Tara’s voice came over the comm, “It’s about to get better, but it will look worse. Flying away won’t help. Stay low.”

I was about to ask for more details, but I suddenly understood how it would “look worse.” More Cabal soldiers landed in the street, some of them jumping toward us from near Master Martian’s house. I recognized those guys. They were the ones with bloody costumes, newly regrown white flesh showing through the holes, some of them with goo from the goobots still sticking to their costumes.

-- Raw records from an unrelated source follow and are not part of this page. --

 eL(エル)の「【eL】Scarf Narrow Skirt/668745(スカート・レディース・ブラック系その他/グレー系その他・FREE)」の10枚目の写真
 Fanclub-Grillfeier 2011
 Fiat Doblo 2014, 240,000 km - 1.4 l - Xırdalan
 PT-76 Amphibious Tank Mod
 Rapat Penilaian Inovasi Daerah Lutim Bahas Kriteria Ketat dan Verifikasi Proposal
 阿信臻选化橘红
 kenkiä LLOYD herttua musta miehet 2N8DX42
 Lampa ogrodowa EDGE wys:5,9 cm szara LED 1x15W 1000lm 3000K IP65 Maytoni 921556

Worse, of course, not all of them were coming from Master Martian’s house. Those were landing in the middle of the street, their costumes untouched by blood or goo, all of them with their game faces on and running in our direction.

The implant counted 22.

Despite what Tara had said, flying straight up sounded like the best idea, but knowing her, we listened anyway. Haley and I took off, following Yoselin, Daniel, and Master Martian down the street.

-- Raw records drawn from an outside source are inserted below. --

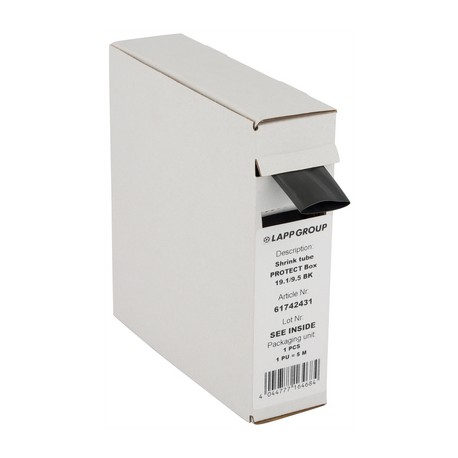 61742440 - 61742440 PROTECT Box 9.5/4.7 TR LAPP Shrink tube PROTECT Box 9.5/4.7 TR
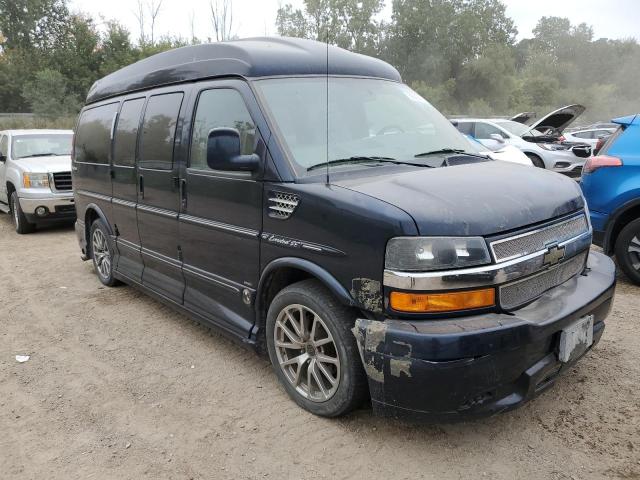 Photo 4 from auction – 2013 CHEVROLET EXPRESS G1 with VIN 1GBSHDC46D1162193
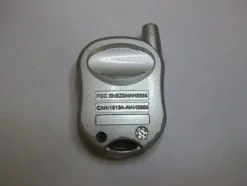 HDR EZSNAH2505 Factory OEM KEY FOB Keyless Entry Remote Alarm Replace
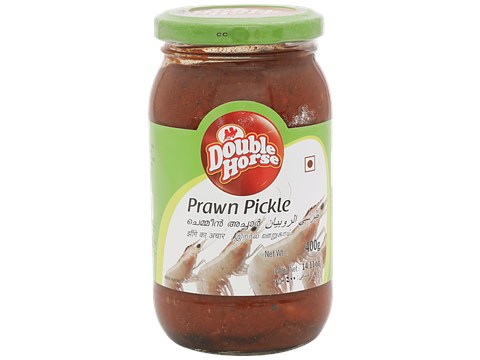 Double Horse Pickle - Prawn, 400 g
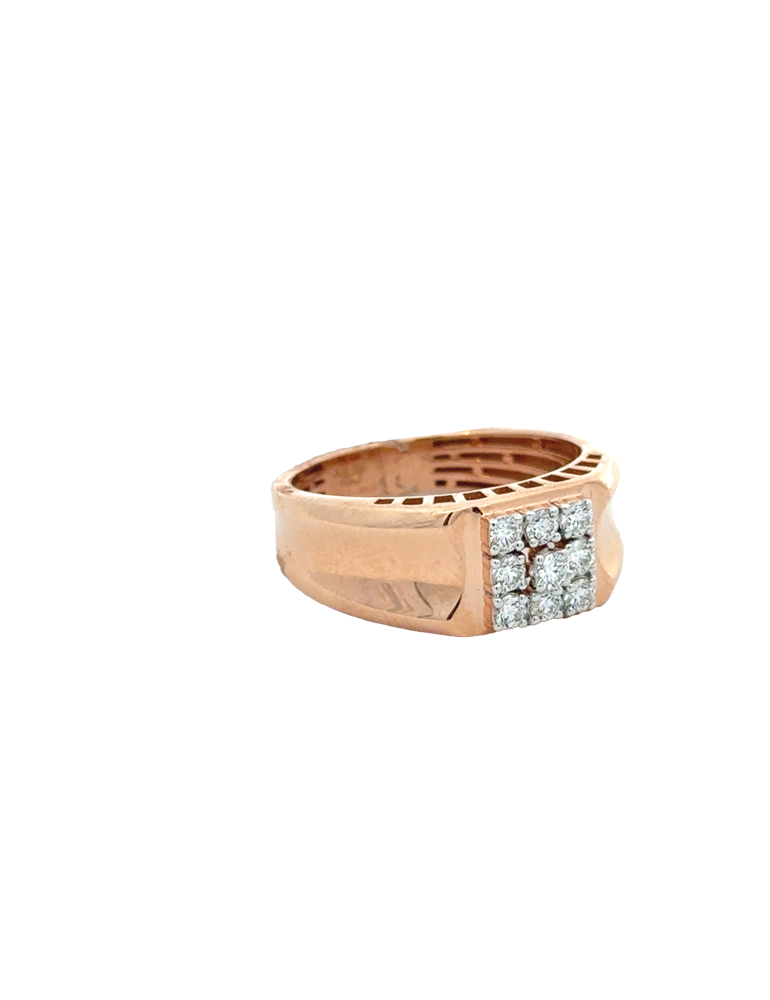 Diamond Ring 18 Karat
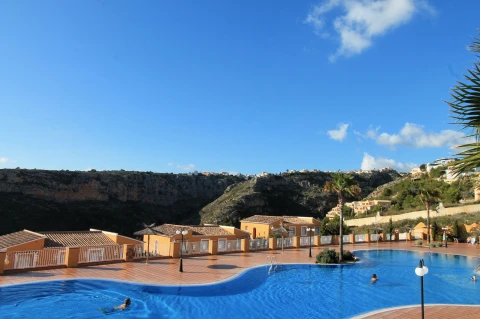 Montecala, Appartement, Costa Blanca, people: 4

Before the group of us had even gone ten feet, more Cabal soldiers landed ahead of us, smashing through cars, hitting buildings on either side of the street, and some of them passed within a few feet of us, only failing to grab us because we rolled to one side or another.

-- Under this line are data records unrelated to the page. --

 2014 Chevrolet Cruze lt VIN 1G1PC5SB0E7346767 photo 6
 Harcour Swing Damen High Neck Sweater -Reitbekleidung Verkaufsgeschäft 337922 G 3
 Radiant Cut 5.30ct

My implant counted 14 more, making the total 36. I didn’t like those odds.

Becoming certain our best chance had to be flying sideways over to the next block, I began to say, “Up,” except that Daniel thought, Wait, at me.

At that moment, two dark blurred forms ran through the street, hitting the Cabal troops ahead of us, throwing them in every direction before they could do anything. They were moving too fast for me to make out any details, but I knew that Jaclyn’s older brothers helped the Liberators sometimes.

If that weren’t enough, a blue blur appeared in the sky above us and Izzy dropped down in time to slam into two Cabal soldiers who’d been jumping toward Daniel.

As crazy as that was to see, the big show appeared behind us. A dark cloud had formed above the Cabal and True grouping in the street. Though I expected lightning to lash out, that wasn’t what happened next.

A dark, cloaked figure appeared in the air near the rear of the group. I couldn’t see anything but darkness within the cloak, but I had a bad feeling I knew who it was. I’d last heard from Adam AKA Dark Cloak when he’d written us a letter after loosing a dragon and its vassals on the Stapledon program to distract us from preventing the Coffeeshop Illuminati from overthrowing Turkmenistan’s government.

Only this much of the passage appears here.